**Information given:**
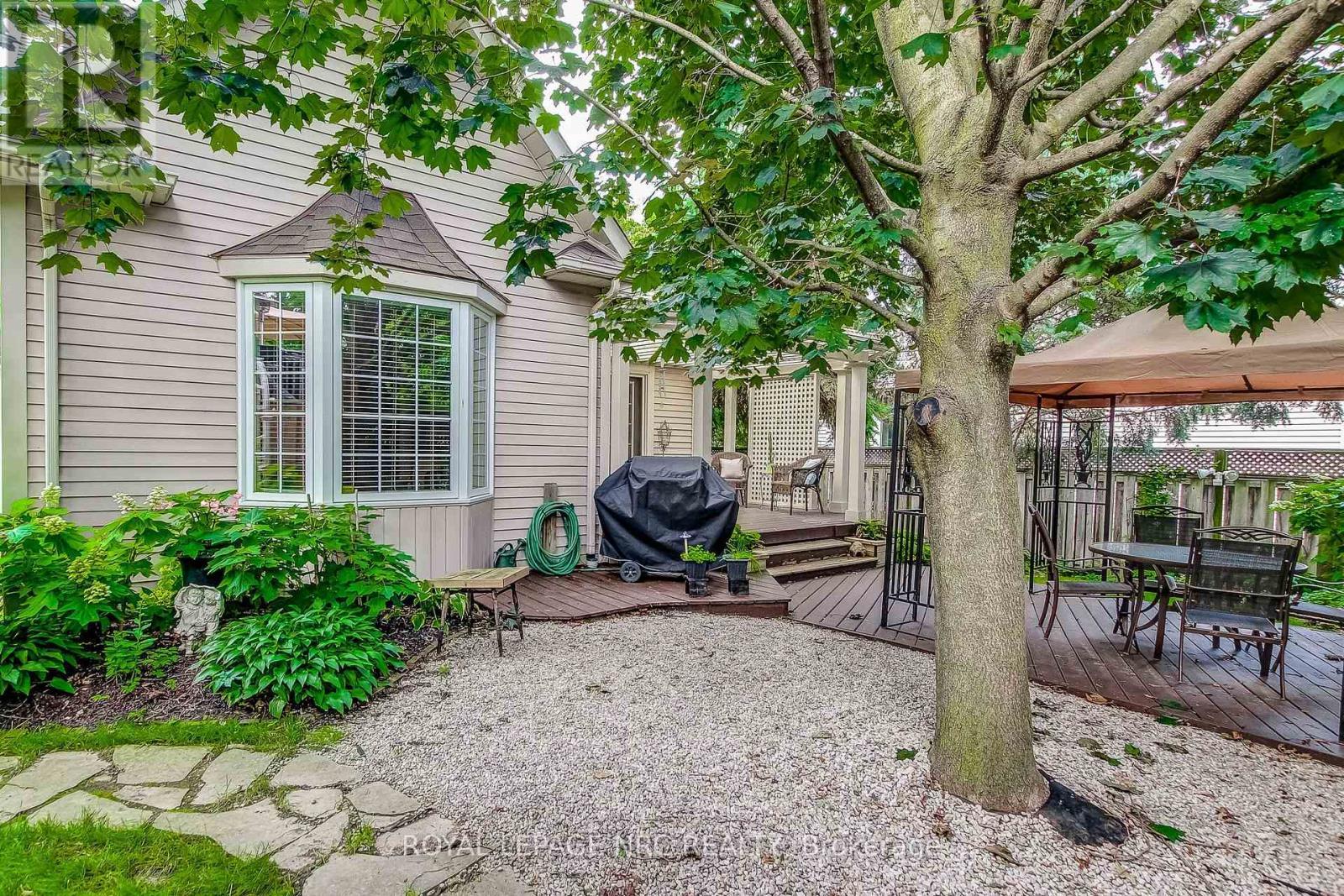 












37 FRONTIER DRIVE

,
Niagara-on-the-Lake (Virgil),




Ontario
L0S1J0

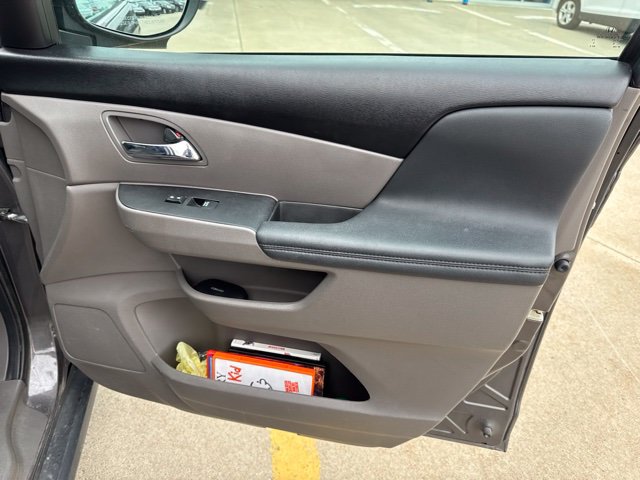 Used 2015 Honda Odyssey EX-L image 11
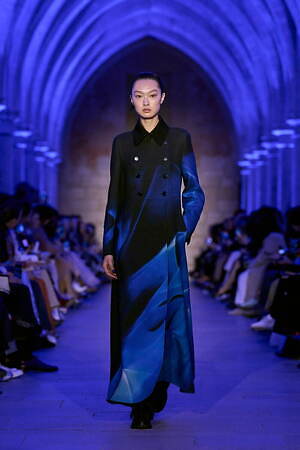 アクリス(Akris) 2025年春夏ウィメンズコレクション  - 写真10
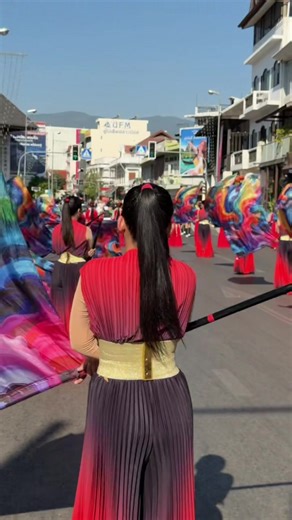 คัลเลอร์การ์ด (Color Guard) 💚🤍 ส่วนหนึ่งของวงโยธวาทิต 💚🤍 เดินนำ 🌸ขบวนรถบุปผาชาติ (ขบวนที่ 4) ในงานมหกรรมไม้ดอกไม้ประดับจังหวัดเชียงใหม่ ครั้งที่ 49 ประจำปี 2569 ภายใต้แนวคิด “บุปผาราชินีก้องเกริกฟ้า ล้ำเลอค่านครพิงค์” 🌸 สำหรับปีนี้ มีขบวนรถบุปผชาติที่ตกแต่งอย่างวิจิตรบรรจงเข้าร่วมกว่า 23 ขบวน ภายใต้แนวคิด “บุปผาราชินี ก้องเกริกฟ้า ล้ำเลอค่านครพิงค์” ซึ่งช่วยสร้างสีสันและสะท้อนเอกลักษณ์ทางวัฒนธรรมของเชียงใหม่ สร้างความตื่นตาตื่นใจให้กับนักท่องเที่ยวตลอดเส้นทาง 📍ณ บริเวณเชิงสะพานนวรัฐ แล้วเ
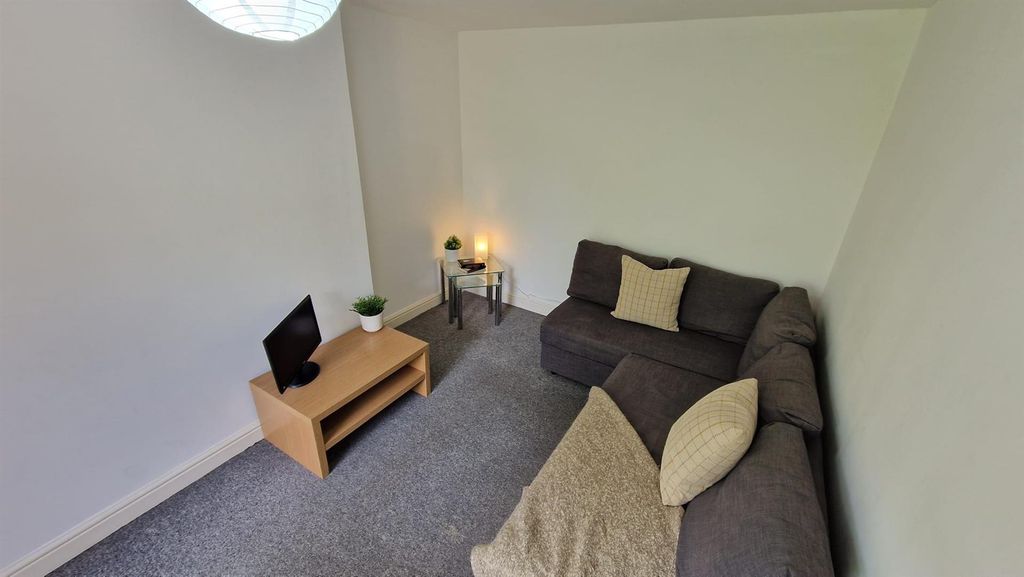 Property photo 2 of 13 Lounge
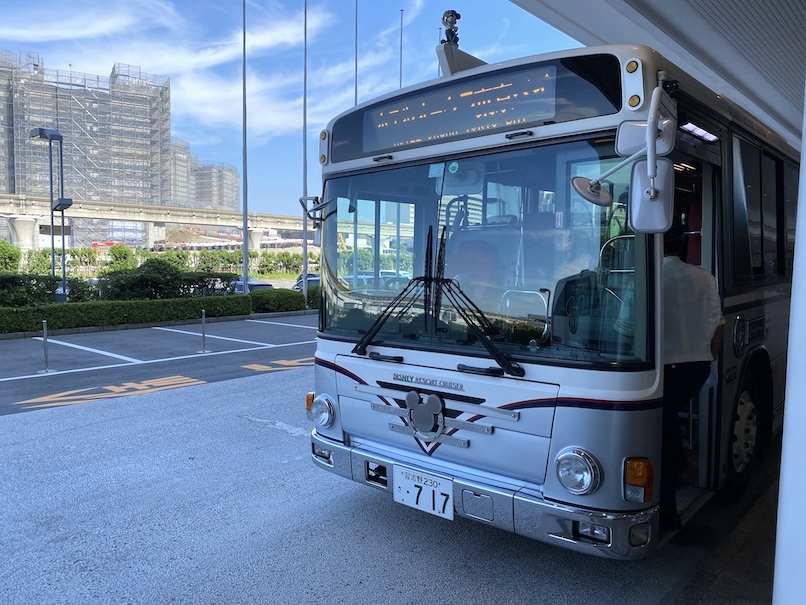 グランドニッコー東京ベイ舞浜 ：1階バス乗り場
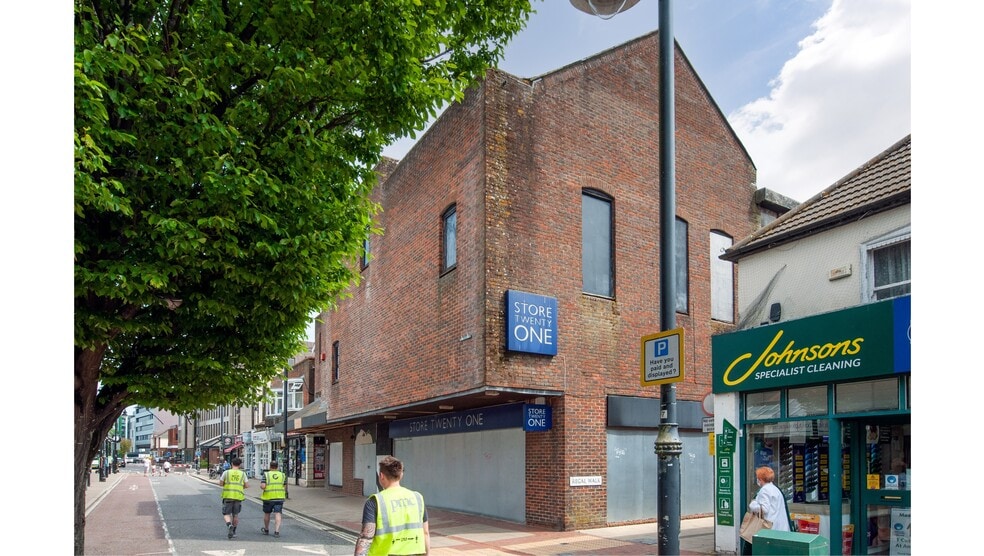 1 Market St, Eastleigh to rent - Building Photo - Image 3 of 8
==
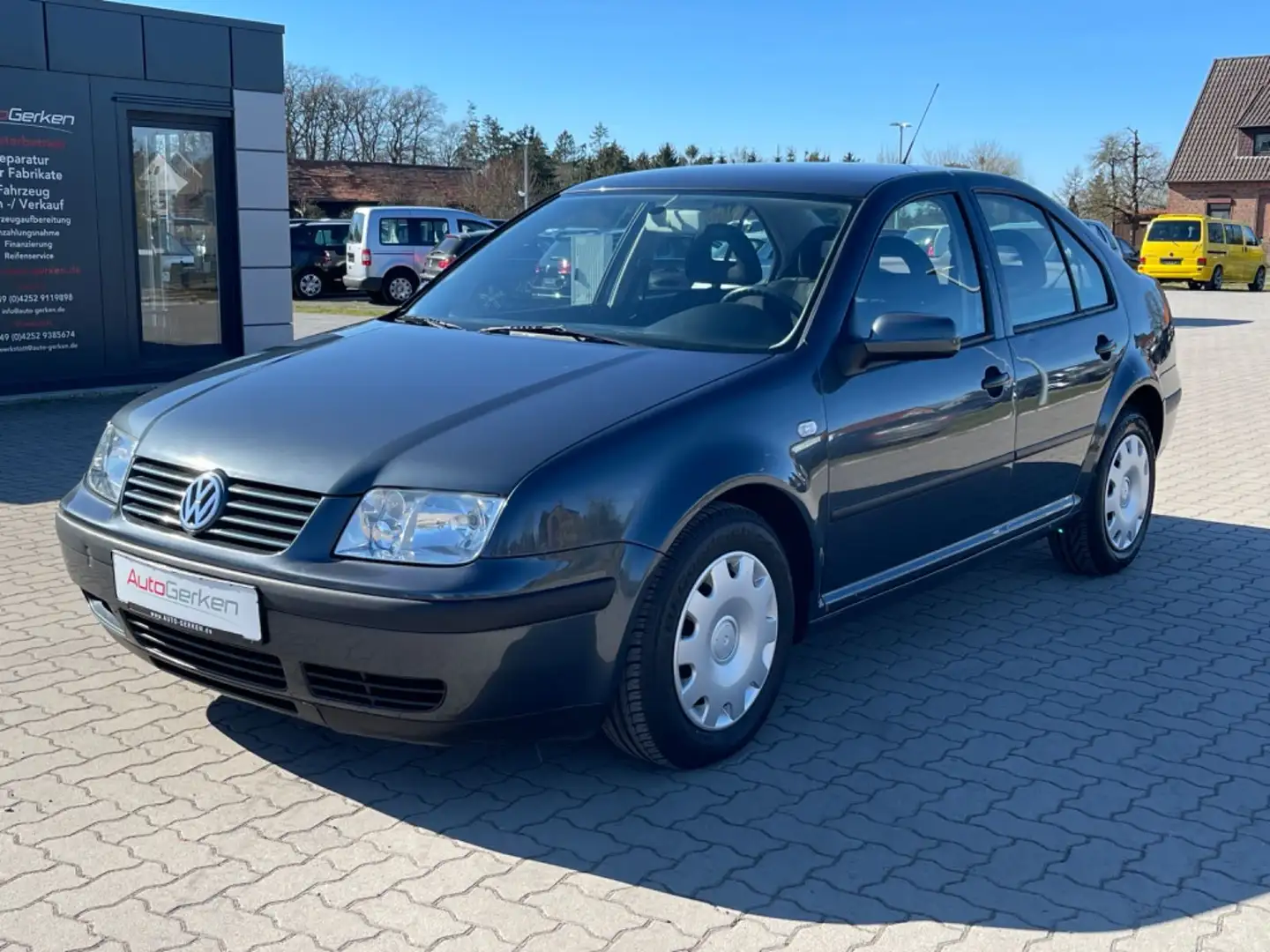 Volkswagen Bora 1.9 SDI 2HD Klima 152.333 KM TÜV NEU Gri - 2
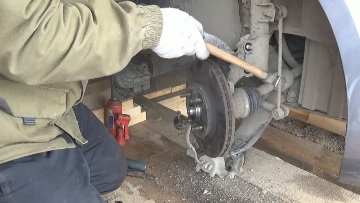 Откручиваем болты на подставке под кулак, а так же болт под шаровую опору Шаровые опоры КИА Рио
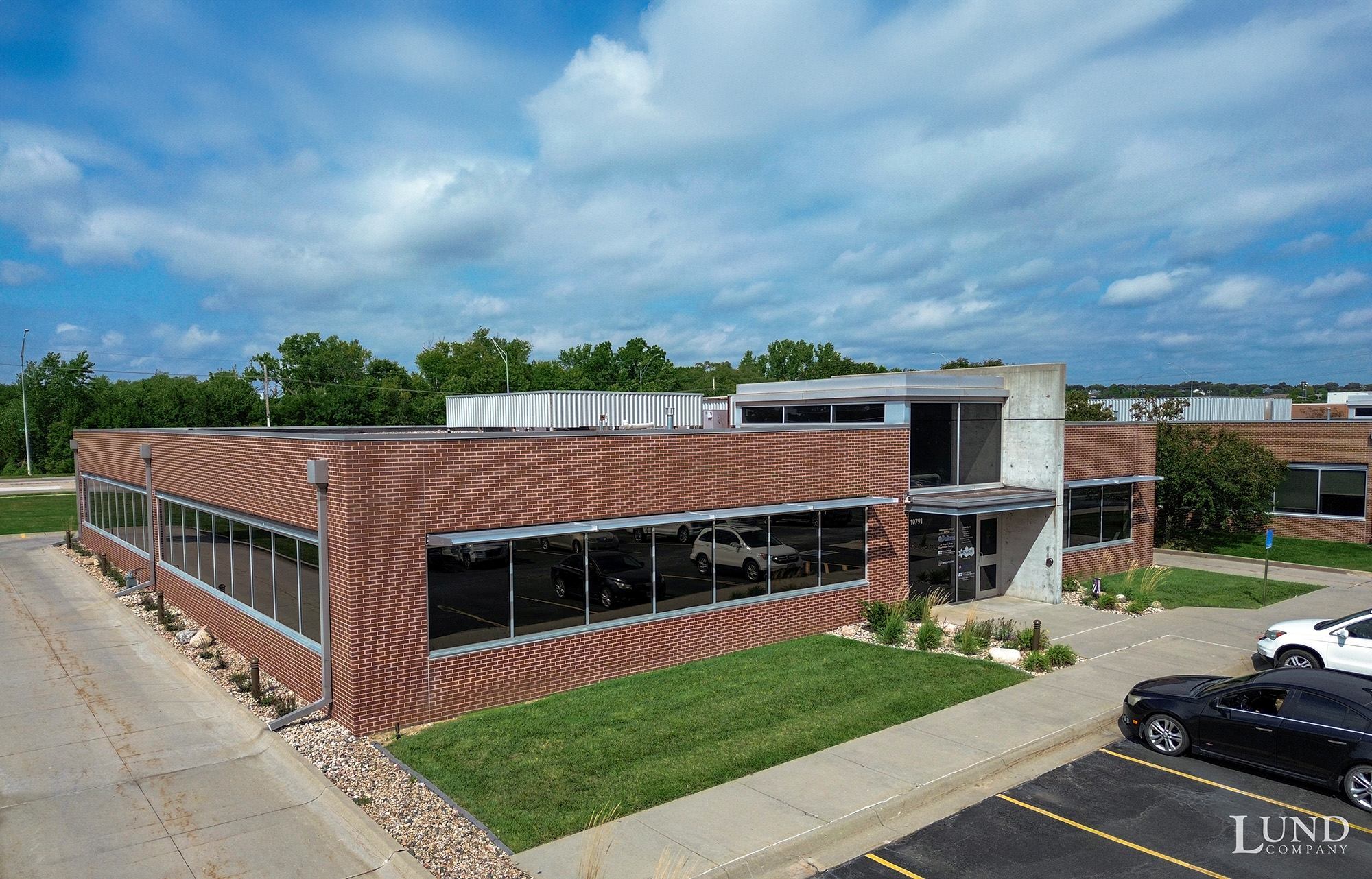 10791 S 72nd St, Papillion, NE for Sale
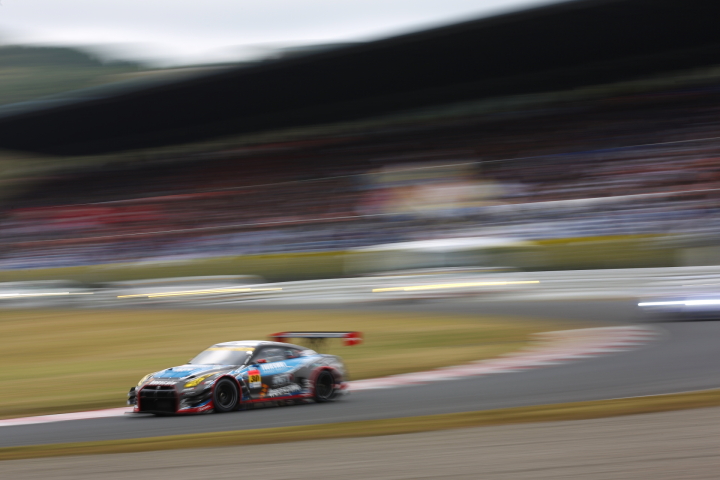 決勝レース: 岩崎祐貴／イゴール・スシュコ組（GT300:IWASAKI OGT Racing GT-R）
* * *
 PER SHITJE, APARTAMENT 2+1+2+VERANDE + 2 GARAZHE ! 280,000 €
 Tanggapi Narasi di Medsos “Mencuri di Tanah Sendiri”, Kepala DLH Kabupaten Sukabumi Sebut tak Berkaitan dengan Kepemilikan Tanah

**Requirement:**
Only one stretch of the entries above is needed: the lines from the one containing "グランドニッコー東京ベイ舞浜 ：1階バス乗り場" through the one containing "1 Market St, Eastleigh". Copy it exactly, without the pictures.

**Output of the task:**
 グランドニッコー東京ベイ舞浜 ：1階バス乗り場
 1 Market St, Eastleigh to rent - Building Photo - Image 3 of 8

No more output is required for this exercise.